◆ **TASK TO COMPLETE**:
Starting at the line that contains "Delightful Dolphin - Gold", reproduce only the lines through the end of the data, exactly, including both the first and the last; skip the pictures.

◆ **SUPPLIED INFORMATION**:

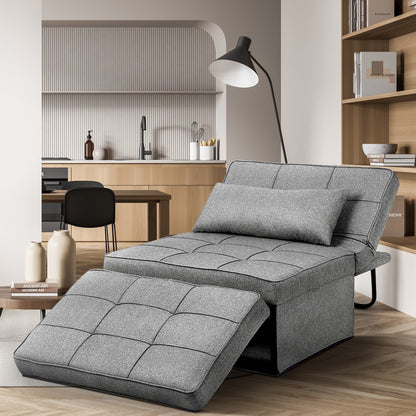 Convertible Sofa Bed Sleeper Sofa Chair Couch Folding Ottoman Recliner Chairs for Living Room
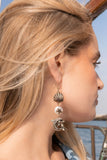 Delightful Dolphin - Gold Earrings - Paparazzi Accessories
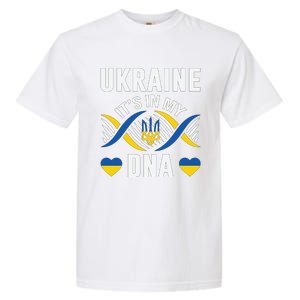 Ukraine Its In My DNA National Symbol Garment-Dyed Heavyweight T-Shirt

◆ **OUTPUT FOR THIS EXERCISE**:
 Delightful Dolphin - Gold Earrings - Paparazzi Accessories
 Ukraine Its In My DNA National Symbol Garment-Dyed Heavyweight T-Shirt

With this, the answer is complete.